------ EXTRACTED ENTRIES ------

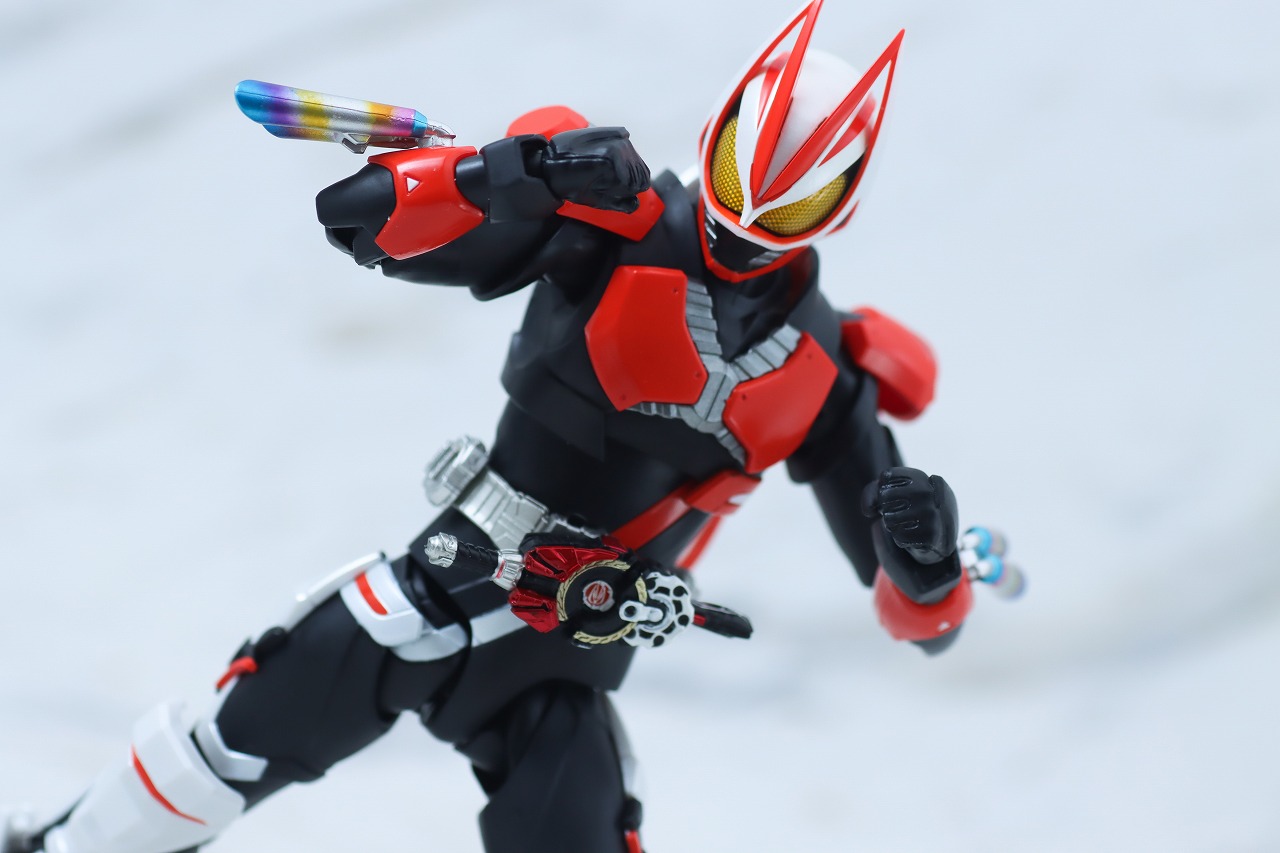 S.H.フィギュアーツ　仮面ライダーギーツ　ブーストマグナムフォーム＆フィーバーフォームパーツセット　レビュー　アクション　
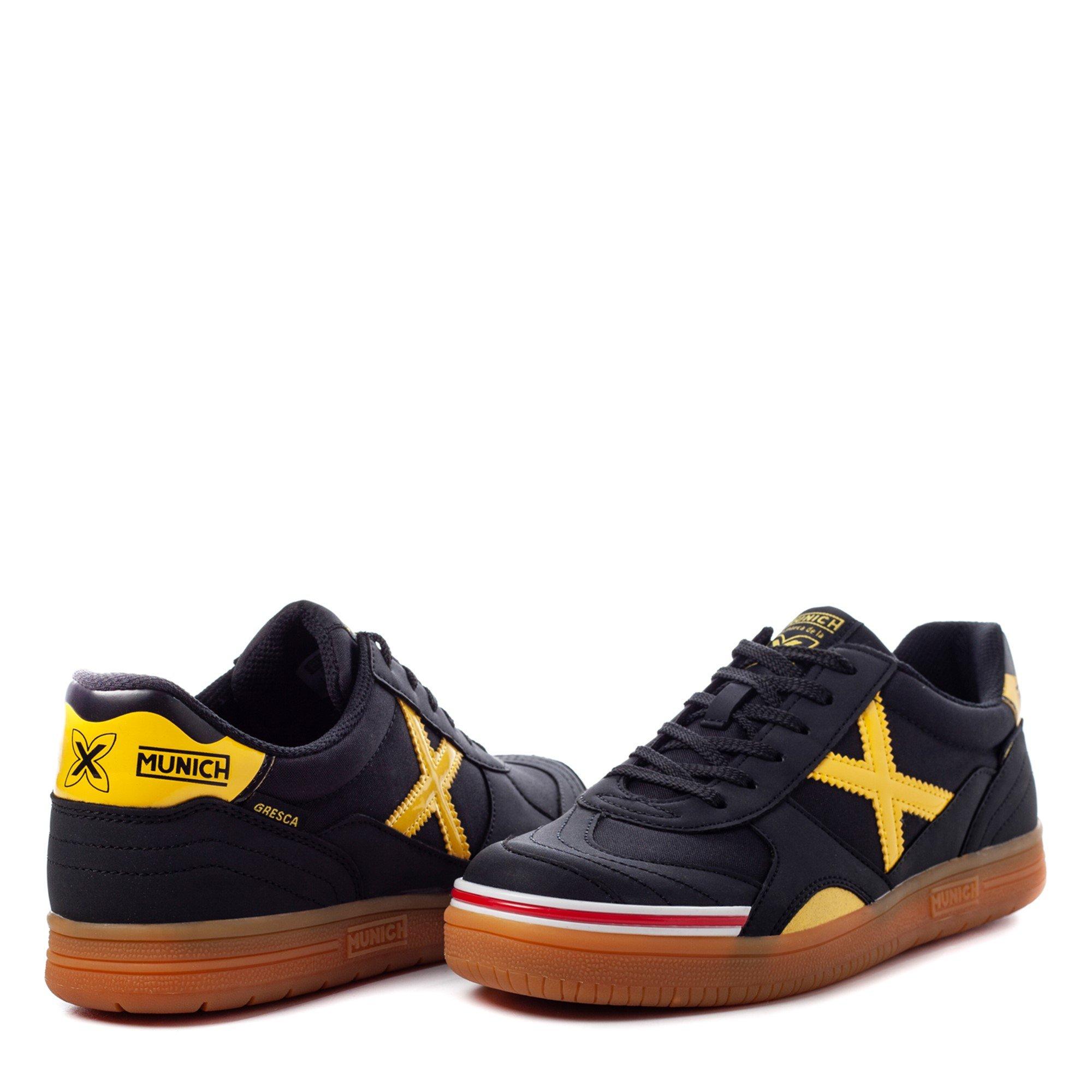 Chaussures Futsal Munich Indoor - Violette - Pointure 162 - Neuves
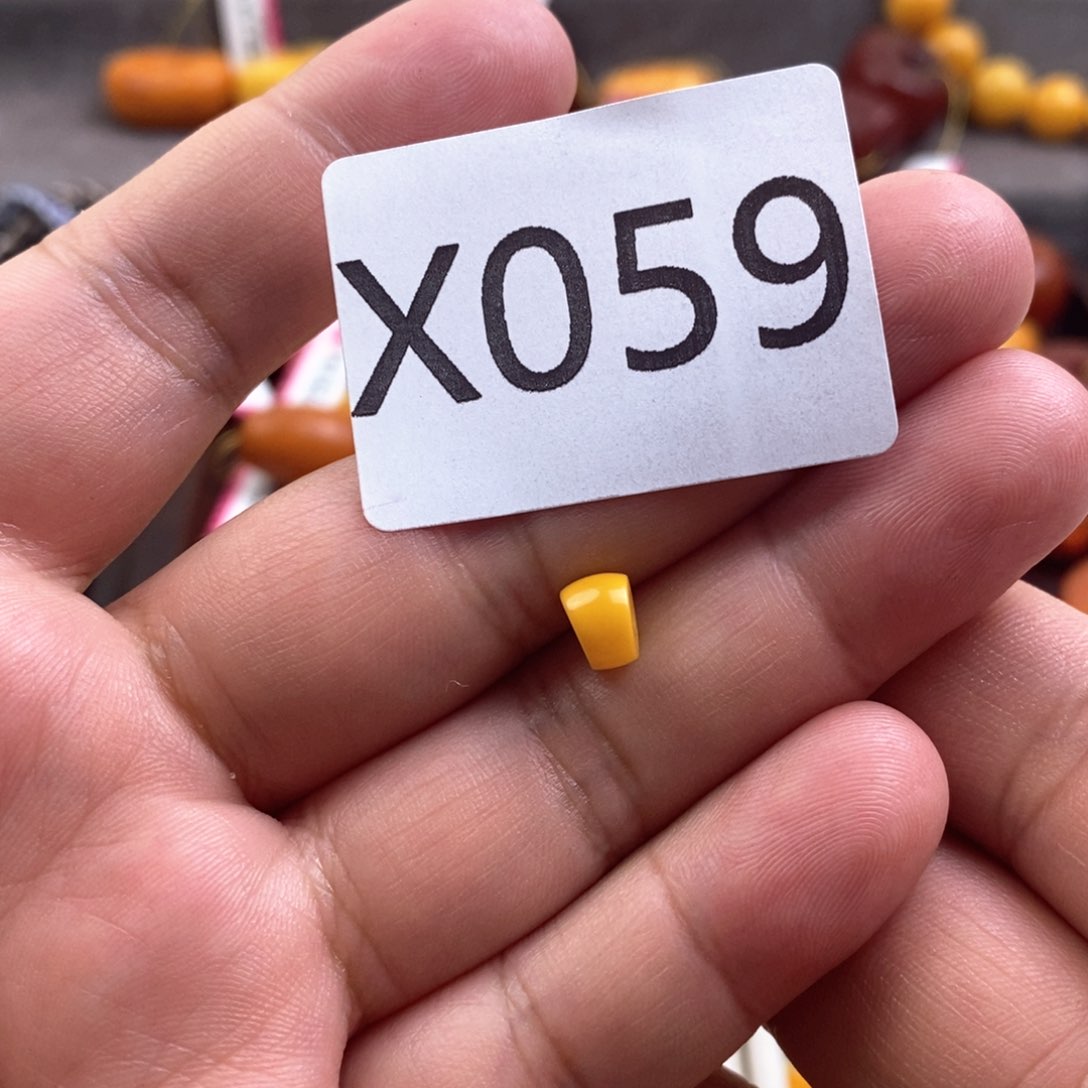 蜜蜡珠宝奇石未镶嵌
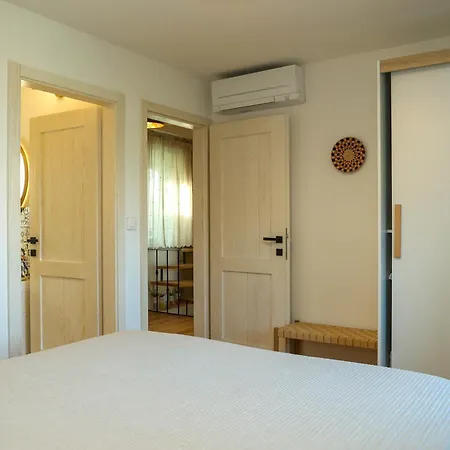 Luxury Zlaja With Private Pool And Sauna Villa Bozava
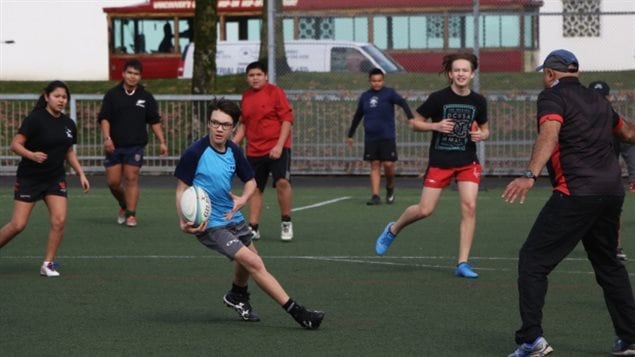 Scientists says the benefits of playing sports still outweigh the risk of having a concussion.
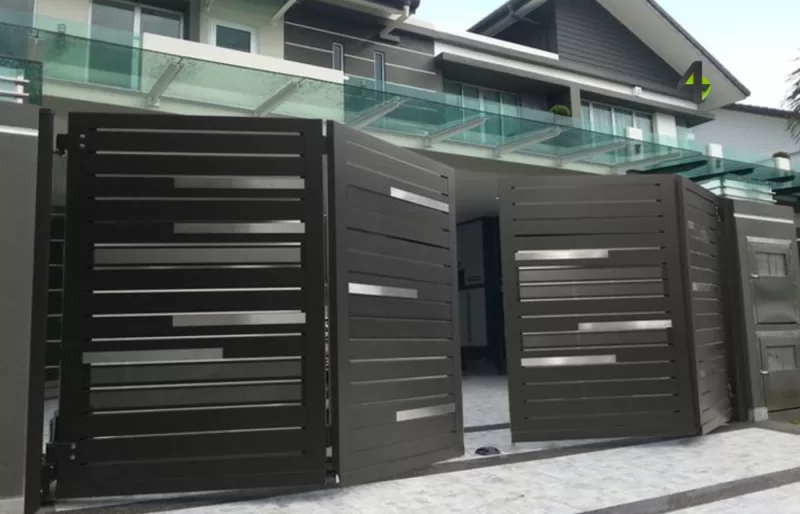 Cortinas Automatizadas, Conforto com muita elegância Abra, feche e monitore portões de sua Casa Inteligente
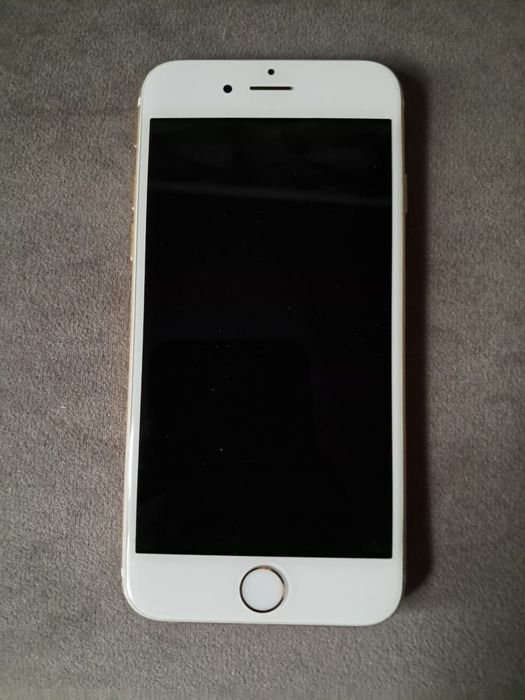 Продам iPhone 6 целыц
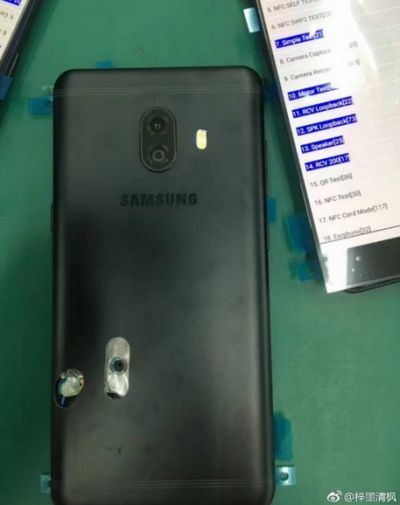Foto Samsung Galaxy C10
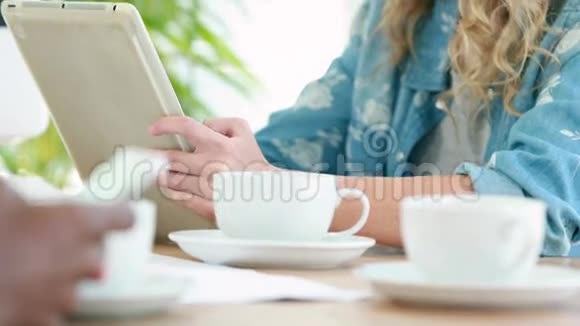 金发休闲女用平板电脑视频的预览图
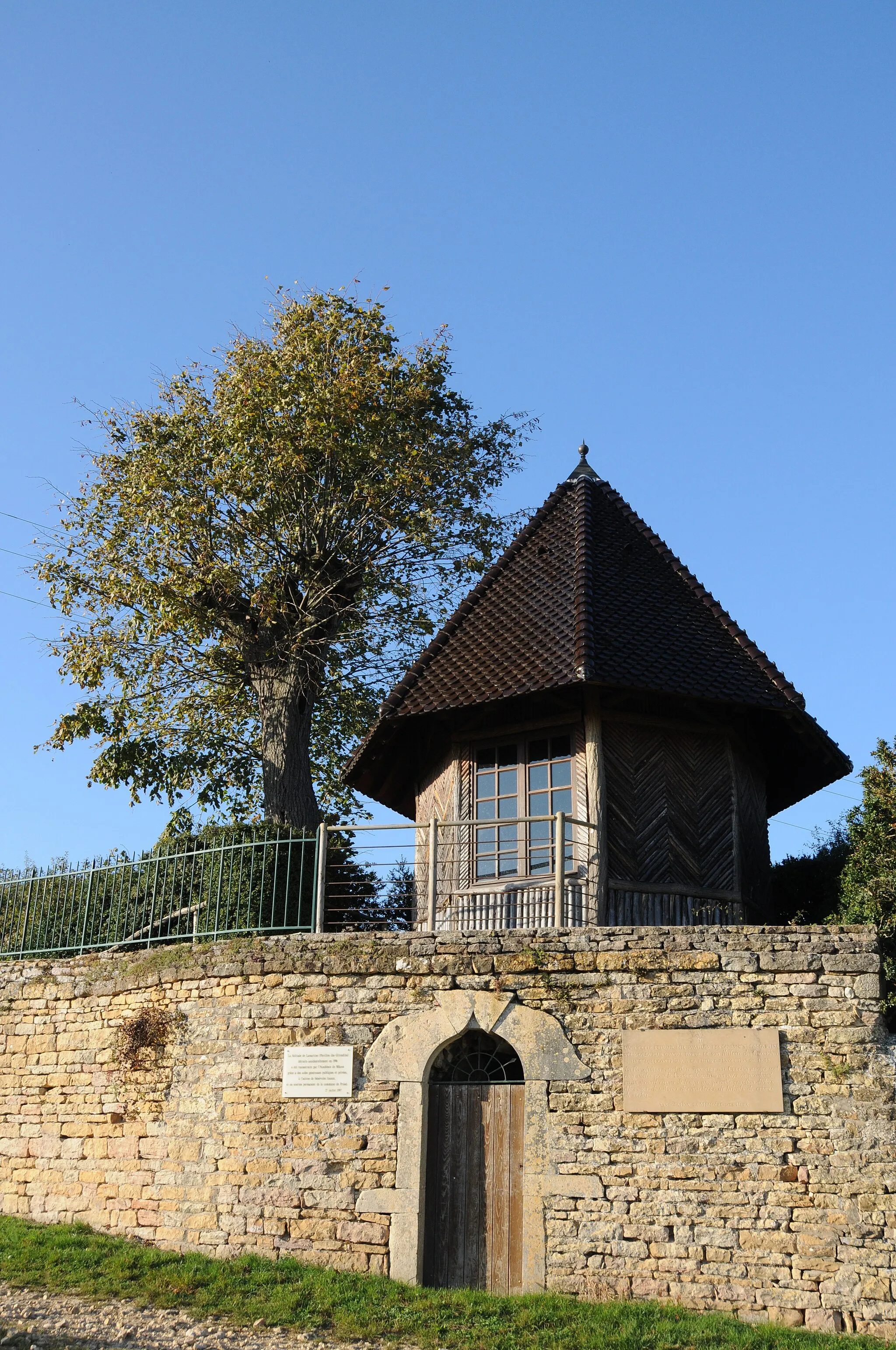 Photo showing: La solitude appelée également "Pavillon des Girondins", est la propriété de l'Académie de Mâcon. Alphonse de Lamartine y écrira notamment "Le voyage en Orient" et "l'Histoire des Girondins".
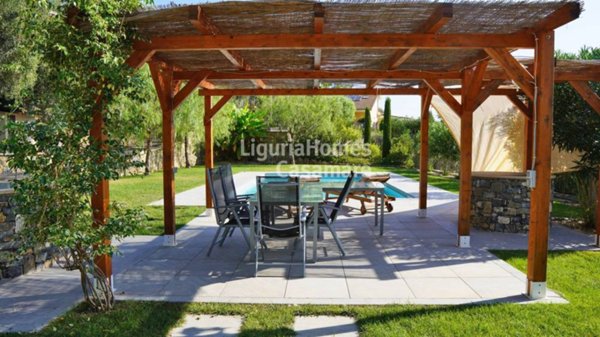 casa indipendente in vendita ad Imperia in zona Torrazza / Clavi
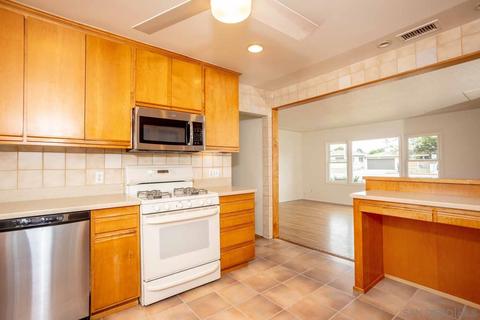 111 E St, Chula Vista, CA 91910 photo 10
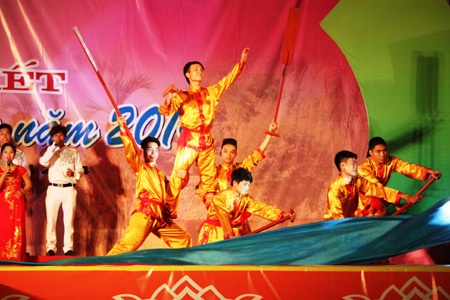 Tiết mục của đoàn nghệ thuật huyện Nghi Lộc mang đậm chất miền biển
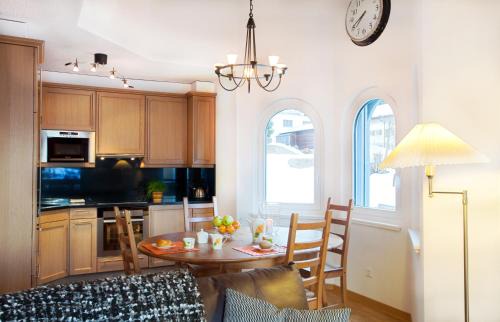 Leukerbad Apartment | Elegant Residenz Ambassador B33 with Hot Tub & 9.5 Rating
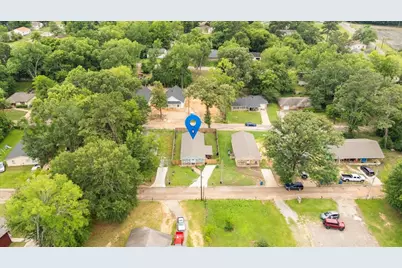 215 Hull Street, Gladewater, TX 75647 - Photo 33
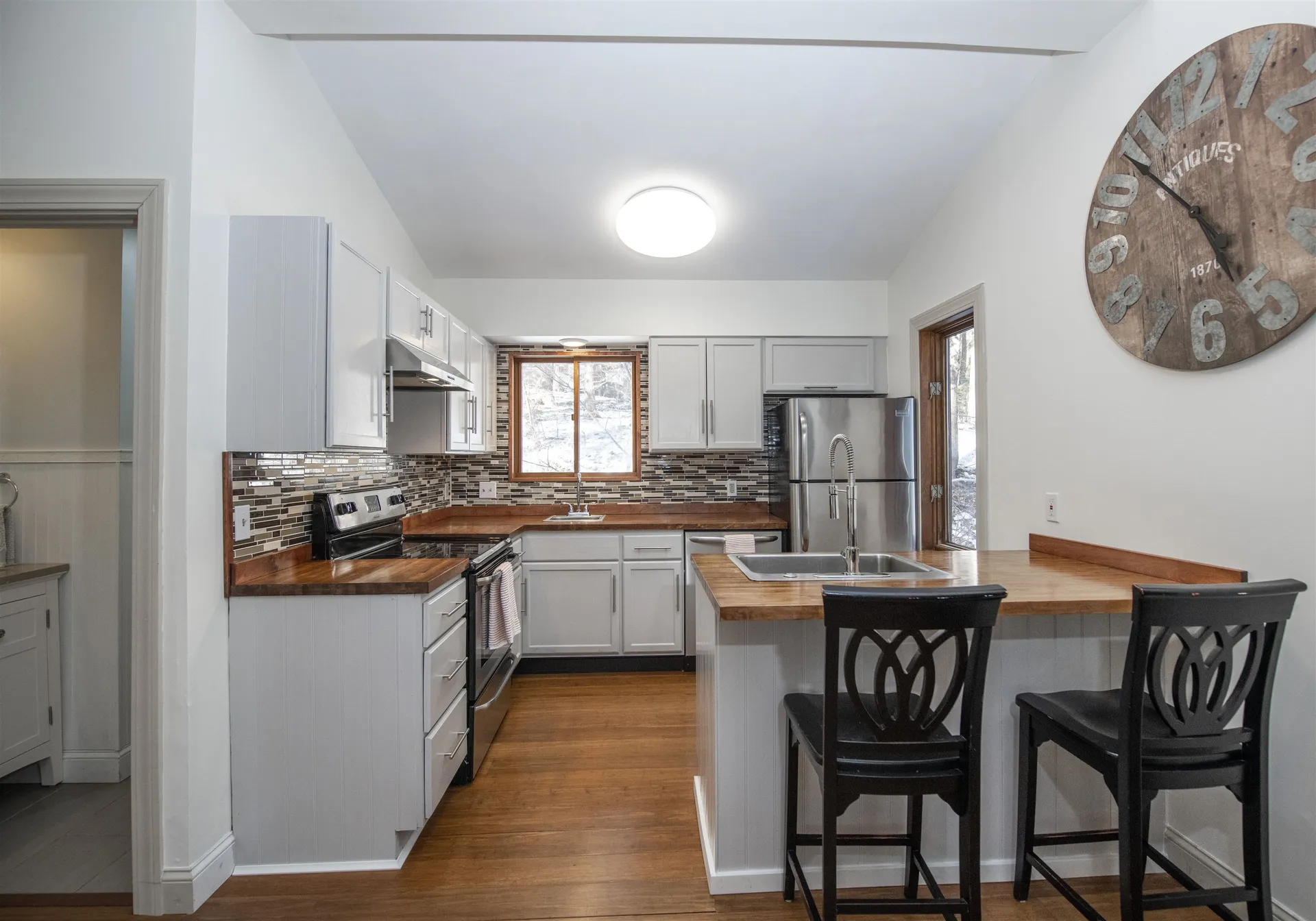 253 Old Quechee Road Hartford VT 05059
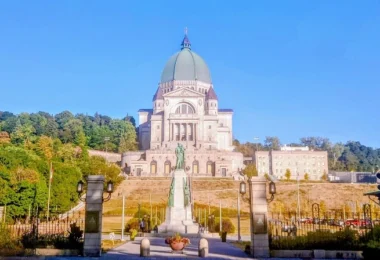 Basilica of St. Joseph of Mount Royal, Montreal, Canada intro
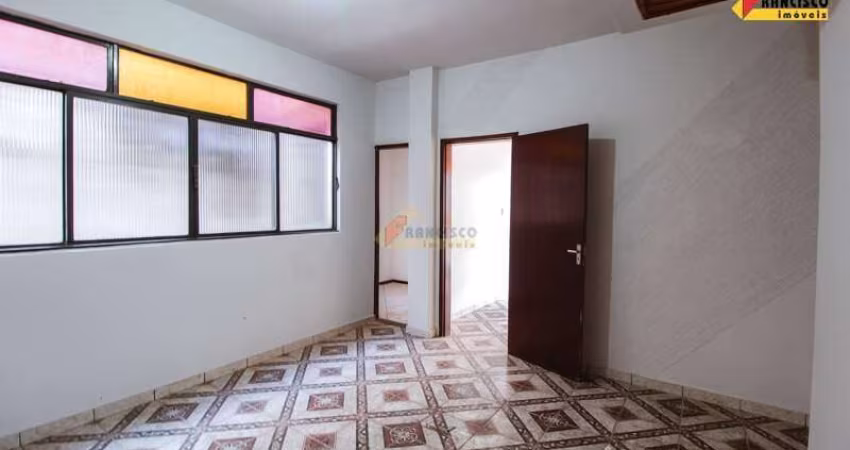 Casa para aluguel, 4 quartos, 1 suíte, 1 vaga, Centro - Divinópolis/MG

------

== TASK DESCRIPTION ==
Please reproduce exactly and only the lines from the first line of the records through the line containing "Scientists says the", both included, omitting any pictures.

== ANSWER TO THE EXERCISE ==
 S.H.フィギュアーツ　仮面ライダーギーツ　ブーストマグナムフォーム＆フィーバーフォームパーツセット　レビュー　アクション　
 Chaussures Futsal Munich Indoor - Violette - Pointure 162 - Neuves
 蜜蜡珠宝奇石未镶嵌
 Luxury Zlaja With Private Pool And Sauna Villa Bozava
 Scientists says the benefits of playing sports still outweigh the risk of having a concussion.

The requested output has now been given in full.